Let’s solve a medium problem together on Leetcode.com: Count and Say

Description

The count-and-say sequence is a sequence of digit strings defined by the recursive formula:

countAndSay(1) = "1"

countAndSay(n) is the way you would "say" the digit string from countAndSay(n-1), which is then converted into a different digit string.

To determine how you “say” a digit string, split it into the minimal number of groups so that each group is a contiguous section all of the same character. Then for each group, say the number of characters, then say the character.
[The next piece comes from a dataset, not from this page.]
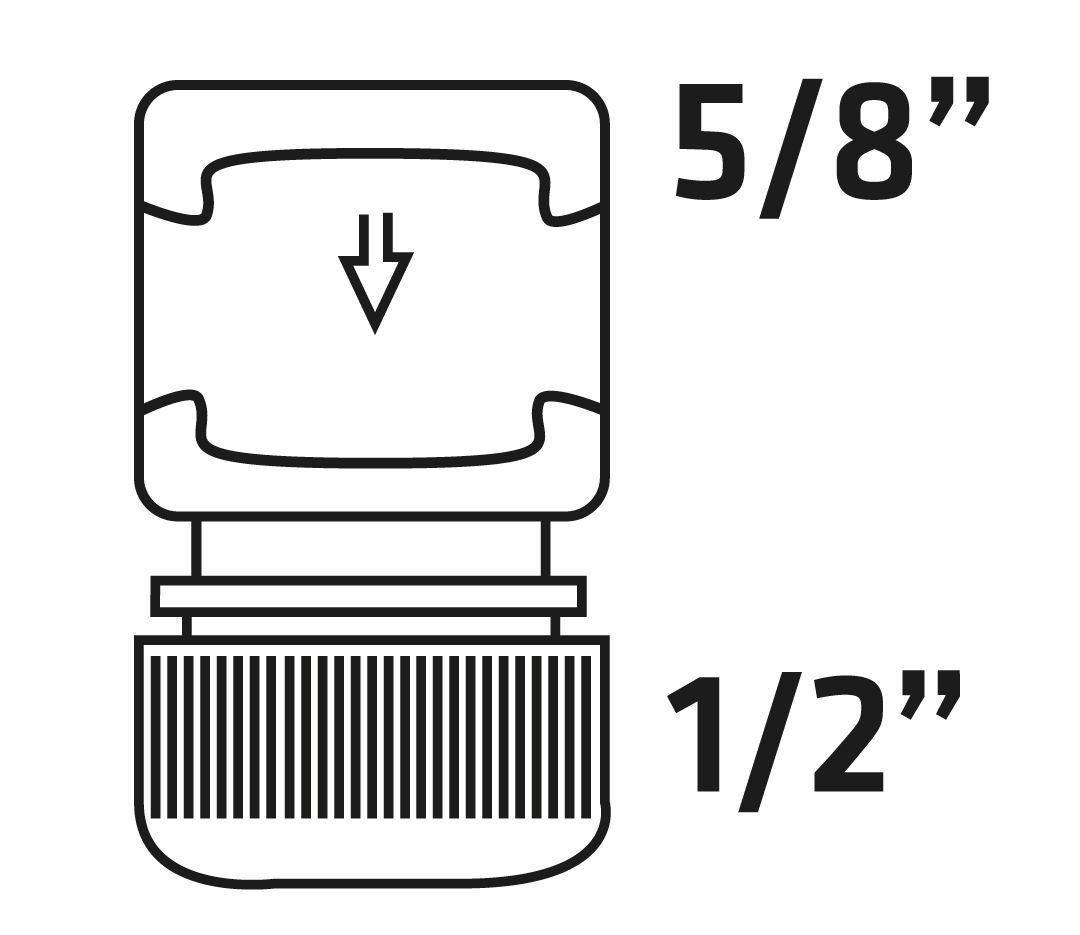 Конектор для шланга Verto, 1/2"-5/8", двокомпонентний, прогумований, антиковзкий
To convert the saying into a digit string, replace the counts with a number and concatenate every saying.

For example, the saying and conversion for digit string "3322251":

Given a positive integer n, return the nth term of the count-and-say sequence.

Example:

Input: n = 4
Output: "1211"
Explanation:
countAndSay(1) = "1"
countAndSay(2) = say "1" = one 1 = "11"
countAndSay(3) = say "11" = two 1's = "21"
countAndSay(4) = say "21" = one 2 + one 1 = "12" + "11" = "1211"

Solution

For a given string, in order to “Count and Say” it, there are two variables to consider:

  • count of the current character
  • what’s the current character?

Assume the string we’re visiting is “1211”, let’s have two variables count and previous to record the result while iterating the string.

  • Step 1: initialization

Before visiting the string, let’s say count = 0 and previous = ‘.’ to represent the initial state and a variable result to denote the output.

  • Step 2: visit index 0, character = ‘1’

Now, the current character we’re visiting is ‘1’. prevous = ‘.’ is denoting the current character is the beginning of the string, we simply increment the count by 1 and set the previous = ‘1’ for the next visiting character.

  • Step 3: visit index 1, character = ‘2’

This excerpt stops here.